Runtime Complexity TRS:
The TRS R consists of the following rules:

walk#1(Leaf(x2)) → cons_x(x2)
walk#1(Node(x5, x3)) → comp_f_g(walk#1(x5), walk#1(x3))
comp_f_g#1(comp_f_g(x4, x5), comp_f_g(x2, x3), x1) → comp_f_g#1(x4, x5, comp_f_g#1(x2, x3, x1))
comp_f_g#1(comp_f_g(x7, x9), cons_x(x2), x4) → comp_f_g#1(x7, x9, Cons(x2, x4))
comp_f_g#1(cons_x(x2), comp_f_g(x5, x7), x3) → Cons(x2, comp_f_g#1(x5, x7, x3))
comp_f_g#1(cons_x(x5), cons_x(x2), x4) → Cons(x5, Cons(x2, x4))
main(Leaf(x4)) → Cons(x4, Nil)
main(Node(x9, x5)) → comp_f_g#1(walk#1(x9), walk#1(x5), Nil)

Rewrite Strategy: INNERMOST

(1) DecreasingLoopProof (EQUIVALENT transformation)

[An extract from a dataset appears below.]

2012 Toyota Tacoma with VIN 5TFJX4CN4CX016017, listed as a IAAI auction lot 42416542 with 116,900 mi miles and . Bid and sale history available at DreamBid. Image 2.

The following loop(s) give(s) rise to the lower bound Ω(n1):
The rewrite sequence
walk#1(Node(x5, x3)) →+ comp_f_g(walk#1(x5), walk#1(x3))
gives rise to a decreasing loop by considering the right hand sides subterm at position [0].
The pumping substitution is [x5 / Node(x5, x3)].
The result substitution is [ ].

(2) BOUNDS(n^1, INF)

(3) RenamingProof (EQUIVALENT transformation)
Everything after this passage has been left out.